Releasing old classics that never had a wide Chinese theatrical release is a trick that’s yielded box office success a couple of times already in the past year, notably for Hayao Miyazaki’s 2001 film “Spirited Away,” which grossed $69 million in June,” and “My Neighbor Totoro,” which earned $25 million last December, 25 years after its debut.

However, most viewers this weekend put their money on something new. The Chinese romantic drama “Somewhere Winter” proved the top earner with a modest $13 million debut. The movie was written by novelist and screenwriter Rao Xueman based on one of her popular young adult novels, which itself keyed off a 1980s song by Taiwanese singer Chyi Chin. A story of love across two generations and between three cities, it was filmed in Beijing, Taipei and Los Angeles.
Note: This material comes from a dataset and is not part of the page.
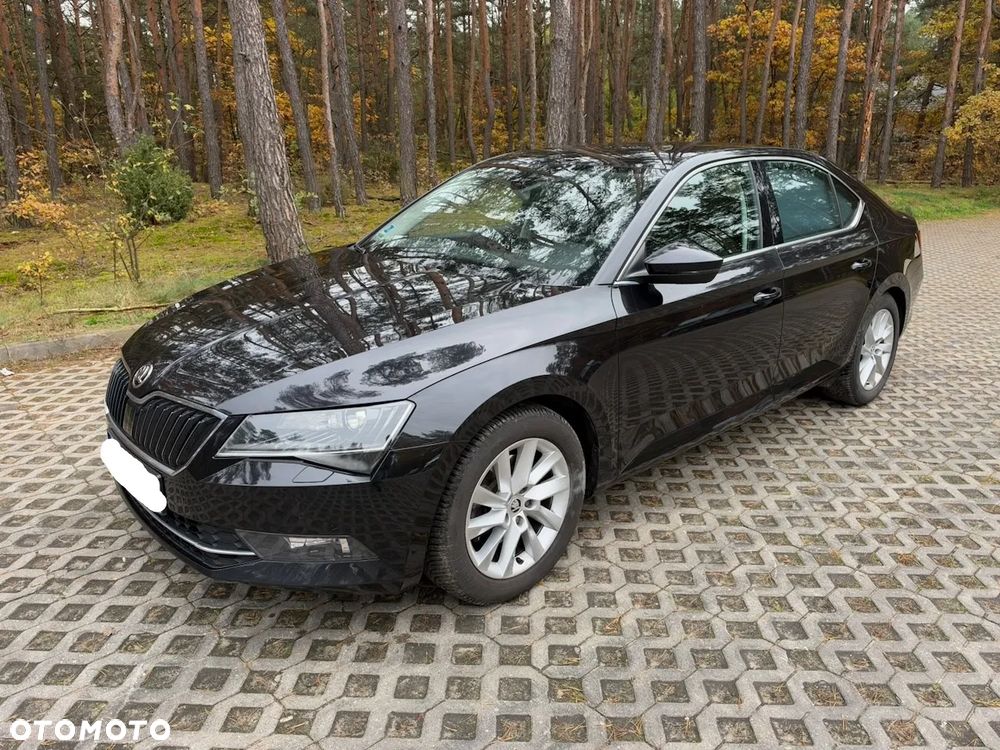 Skoda Superb 2.0 TDI Style - 11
It was helmed by Taiwan’s Wang Weiming, whose last film, 2014’s “Sex Appeal,” grossed just $2.4 million (RMB16.6 million) in China, and stars Taiwanese actor Wallace Huo Chien-hwa and Sandra Ma Sichun. The two are extremely popular as an on-screen couple from their chemistry in the 2015 Chinese TV series “Love Me If You Dare.” Two posters, both closeups of the couple’s faces as they gaze longingly at each other, capture the vibe of their reunion in the new film: in one they’re all smiles; in the other they choke back dramatic tears.
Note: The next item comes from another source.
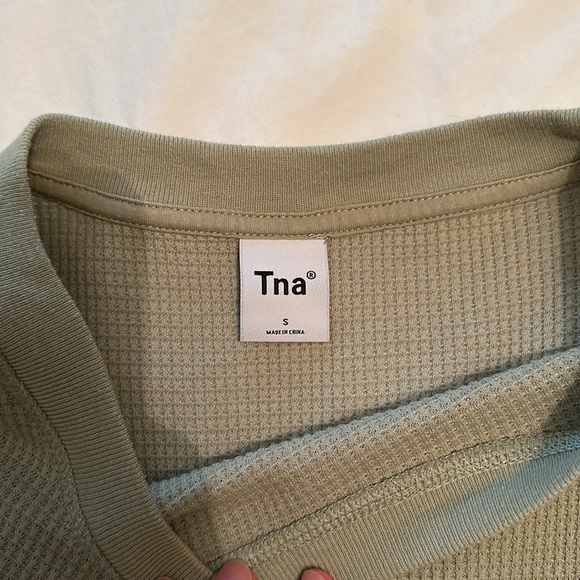 TNA LONG SLEEVE - Picture 2 of 5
The movie hits just before Taiwan and mainland China are set to face off over rival film award ceremonies, with Taipei’s Golden Horse Awards and Xiamen’s Golden Rooster Awards both scheduled to take place Saturday.

The shadow of the Golden Horse Awards looms rather large at the mainland box office this weekend, as it helped shoot both Ma and then-co-star Zhou Dongyu to stardom by acknowledging their breakout roles in the 2016 Derek Tsang-directed film “Soul Mate” with a shared best actress award that year.

Tsang’s latest film, “Better Days,” the youth drama about schoolyard bullying, marks his second collaboration with Zhou. It remained fourth at the box office this weekend after nearly a month in theaters with ticket sales of $7.3 million, bringing bringing its cumulative box office up to $212 million – more than what “Fast & Furious Presents: Hobbs & Shaw” earned in China, and more than four times what “Terminator: Dark Fate” took in. (Ranking ninth at the box office as of Monday afternoon, the Arnold Schwarzenegger-starring flick has grossed $49 million in China since the beginning of the month.)

In fifth was Roland Emmerich’s World War II blockbuster “Midway.” Nearly half-financed by Chinese money and one of the most expensive independent films ever made with a budget of $98 million, it grossed just $6.9 million in China this weekend for a cumulative gross of $30.4 million – a bit less than its U.S. earnings of $35 million so far.